26. De leden vechten verschillen van mening, klachten of conflicten die andere leden betreffen, en
waarvoor geen onderlinge oplossing wordt bereikt niet in het openbaar uit alvorens die voor
bemiddeling voor te leggen aan het Netwerk Groene Bureaus.
4. Integer
27. De leden zijn transparant in hun werk en te allen tijde aanspreekbaar op hun integriteit, zowel voor
andere leden, opdrachtgevers als derden die belang hebben bij hun werk.
28. De leden voeren hun werkzaamheden zo objectief mogelijk, eerlijk en waarheidsgetrouw uit.
29. De leden dragen bij aan de naleving van wettelijke en maatschappelijke vereisten van ethisch
handelen.
30. De leden aanvaarden geen opdracht waarbij een te voorzien en onverantwoord risico bestaat dat
gedurende de uitvoering van het werk grote druk tot onethisch handelen ontstaat.
31. De leden laten zich niet beïnvloeden door derde belanghebbenden, anders dan dat zij zich laten
overtuigen door wetenschappelijke, wettelijke of maatschappelijke argumenten.

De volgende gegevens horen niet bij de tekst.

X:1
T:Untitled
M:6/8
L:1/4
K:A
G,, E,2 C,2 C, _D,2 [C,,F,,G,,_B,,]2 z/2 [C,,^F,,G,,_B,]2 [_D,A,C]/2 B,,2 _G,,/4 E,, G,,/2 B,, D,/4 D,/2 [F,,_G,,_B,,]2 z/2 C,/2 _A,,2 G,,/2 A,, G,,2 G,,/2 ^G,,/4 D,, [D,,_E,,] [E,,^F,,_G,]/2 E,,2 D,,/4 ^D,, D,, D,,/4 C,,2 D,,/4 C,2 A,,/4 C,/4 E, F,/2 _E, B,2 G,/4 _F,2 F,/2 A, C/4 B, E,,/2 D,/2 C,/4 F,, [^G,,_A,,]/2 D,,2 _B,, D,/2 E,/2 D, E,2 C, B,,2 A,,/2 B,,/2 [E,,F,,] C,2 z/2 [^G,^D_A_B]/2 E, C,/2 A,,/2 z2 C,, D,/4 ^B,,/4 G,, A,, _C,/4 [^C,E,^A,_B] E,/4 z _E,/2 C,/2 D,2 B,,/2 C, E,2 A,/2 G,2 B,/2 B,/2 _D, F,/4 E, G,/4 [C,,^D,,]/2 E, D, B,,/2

32. De leden dienen geen verschillende opdrachtgevers als hierdoor strijdige belangen kunnen
ontstaan, tenzij beide opdrachtgevers schriftelijk verklaren akkoord te gaan met de uitvoering van
de werkzaamheden door het lid.
33. De leden doen slechts uitspraken die wetenschappelijk, juridisch dan wel maatschappelijk zijn te
beargumenteren.
34. De leden gaan misbruik van hun kennis actief tegen.

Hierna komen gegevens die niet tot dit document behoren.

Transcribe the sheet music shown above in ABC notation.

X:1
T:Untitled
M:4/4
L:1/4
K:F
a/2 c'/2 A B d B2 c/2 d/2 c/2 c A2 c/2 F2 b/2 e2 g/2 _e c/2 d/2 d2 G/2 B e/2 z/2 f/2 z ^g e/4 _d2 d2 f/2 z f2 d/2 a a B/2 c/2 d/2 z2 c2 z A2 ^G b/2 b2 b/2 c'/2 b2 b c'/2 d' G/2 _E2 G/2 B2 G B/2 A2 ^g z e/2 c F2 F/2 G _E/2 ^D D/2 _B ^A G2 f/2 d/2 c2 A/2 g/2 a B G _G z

35. De leden behandelen de door de opdrachtgever als vertrouwelijk verstrekte gegevens als zodanig.
36. De leden maken zonodig gebruik van het ethisch consult van het Netwerk Groene Bureaus om
dilemma’s met een ethisch karakter te hanteren.
Vastgesteld in de bestuursvergadering van 17 juni 2008 in Assen.